For full details see the Logtalk documentation and examples.
There might be a clean way that I'm not aware of doing the same using the a Prolog system own term-expansion mechanism implementation. Anyone?
回答2:
Writing a vanilla interpreter for coroutines should be on the teaching list of every Prolog course. It is quite simple, here you see the normal vanilla interpreter, simplified:
% solve(+Term)
solve(true).
solve((A,B)) :- solve(A), solve(B).
solve(H) :- clause(H, B), solve(B).
Now for corouting, in the sense of suspending goals via freeze/2, just add an additional input output parameter pair with the delayed goals, for a specification of select/3 see (*):
% solve(+Term, +List, -List)
solve(G, L, R) :- select(freeze(V, F), L, H),
nonvar(V), !,
solve((F,G), H, R).
solve(freeze(V, G), L, [freeze(V,G)|L]) :- var(V), !.
solve(freeze(_, G), L, R) :- solve(G, L, R).
solve(true, L, L).
solve((A,B), L, R) :- solve(A, L, H), solve(B, H, R).
solve(H, L, R) :- clause(H, B), solve(B, L, R).
You can use the above vanilla interpreter to study different wake-up strategies. I am not sure whether it captures existing Prolog systems. But you could run examples such as:
?- freeze(X, member(X, [the(1), the(2)])), X = the(Y).

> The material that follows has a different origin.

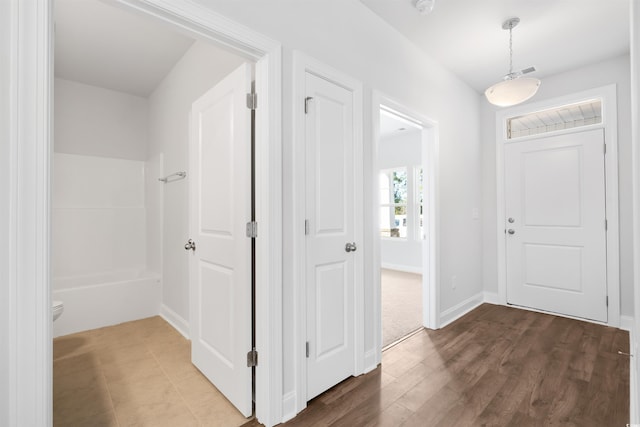 entryway featuring baseboards and dark wood-style flooring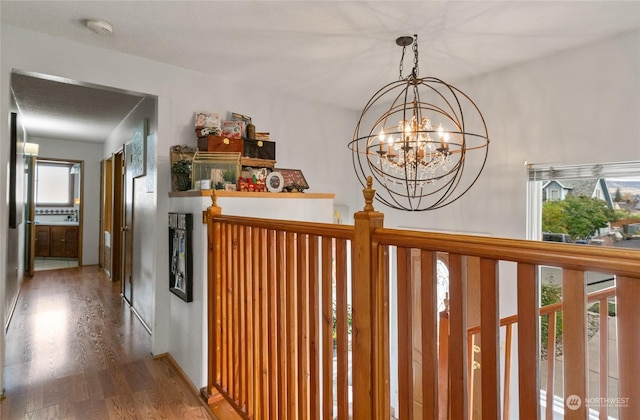 corridor with wood finished floors and a chandelier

successfully, by posing the following question:
?- solve((freeze(X, member(X, [the(1), the(2)])), X = the(Y), true), [], L).
The ", true" is needed to check a last time for woken up goals. If L is returned empty then all frozen goals where woken up. Otherwise there are some pending frozen goals. Which is sometimes called floundering.
The above prototype also leads to a natural implementation of coroutines via thin attributes, the undo/1 and some little support of the interpreter by a goal injection queue. I will post about this soon somewhere else.